Carla Hayden, 14th Librarian of Congress: Handmade ceramic cup

We were living in New York in the late ’50s and my mom started working with the Housing Department, helping out with after-school youth programs in the Bronx. One of the crafts projects she led had the kids making ceramic cups with faces on them. My mom brought one home for me. When you’re a kid — and I was six or seven at the time — you get a little jealous when your parent is doing stuff with other children, so this was important to me. But there was something else: She had painted the face brown because I was brown, with a little curl in the middle of the forehead. That the cup looked like me — it was one of the earliest things I had with a brown face — well, that was something. It became my favorite cup, and evolved into my favorite pencil holder and, later, into my favorite holder for makeup brushes and pins. It’s been on my dressing table for years. It’s still there.

Renee Langvardt, owner, Java Junkies café: Nesting dolls

I purchased these nesting dolls on a street in Novosibirsk, Siberia. I was on a missionary trip just after I graduated high school, and that’s where I realized my purpose. I was walking down the street and the people there were so beautiful that I suddenly realized that everybody, no matter where they are in this world, needs love — not in a Coca-Cola slogan kind of way. But I knew then that the grace that’s been shown to me by Jesus was something I wanted to pass on to others, that I wanted them to feel loved and feel important and that they have a purpose. That’s become my mission and passion. These dolls represent more than a time in my life; they embody how things fit together for me and a lot of my why.

Cheryl Strayed, author: Murex shell

This has always been an object of wonder for me, but I’ve never talked to anyone about it. Even my husband didn’t know the story — and we’ve been together 20 years.

The first week of first or second grade, we were asked to bring something in for show-and-tell. I walked around our tiny apartment in Chaska, Minnesota — by then my parents had divorced, my mom was a single mom with three kids, we were poor — and we didn’t have anything interesting or cool for show-and-tell.

I decided I’d bring this murex shell. It was given to my mom by her father, who was in the army in the Philippines in the ’40s and ’50s. It was spiny and glorious. It had an air of mystery. But there was one problem: I wanted to say that I’d found it on an exotic beach. That’s what I wanted people to think. For my story to work, though, I would have to separate the poufy red velvet pincushion part — which was glued into the crevice — from the shell. I used a butter knife, and I can still see where I made some progress. My mother came upon me and told me I couldn’t do that. She said, “You can take the shell — but as it is, like a pincushion.” I remember thinking that that ruined everything. I wanted so badly for people to think I’d found this shell. I was in tears. I was obliterated. And I didn’t bring it.
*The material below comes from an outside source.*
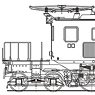 16番(HO) 国鉄 EF57形 電気機関車 (東海道仕様) タイプA 組立キット (組立キット) (鉄道模型)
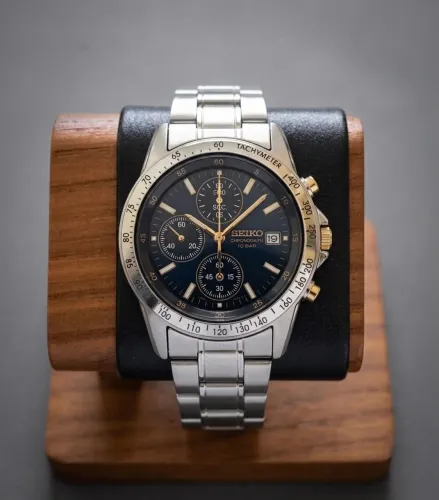Relógio Seiko Crono Preto JDM Preto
The shame about being poor goes all the way back, and having a glorious shell was the opposite of that. You know, there’s what you remember now but also what you remember imagining then, and I remember that even then I had this image of myself as the kind of girl who would be walking on an exotic beach, who would find a magnificent shell like this. It was not only that I was there but that I found the shell. I wanted to be lucky. It was also about beauty, about the ambition to be venturing out in the world and in a far-off place. What I knew was that I wanted to be something that I wasn’t, that I wanted people to see me as someone who I wasn’t. I’ve come to realize that it wasn’t that I wanted to deceive but that I wanted to become.

The shell pincushion now sits on a shelf in my bedroom. Looking at it, knowing I had those thoughts of who I wanted to be and what kind of life I wanted to live, and knowing that I’ve done it, is the most beautiful, the truest thing. It’s the core of who I am. The shell is like this present: It holds in its very being both the girl I was and the woman I became.

Bobak Ferdowsi, systems engineer, Mars Curiosity rover: Lego Mars Rover

I worked on the Mars rover for nine years and then there I was sitting down on the rug in my apartment, emptying out all the pieces and building it. I remember feeling unrestrained happiness: I’ve done something that merited a Lego set!

I grew up on Lego. If there was a way to go back in time and show the childhood me that the adult me inspired a Lego toy? I mean, I might be like, “Whatever, old man.” But I don’t think so.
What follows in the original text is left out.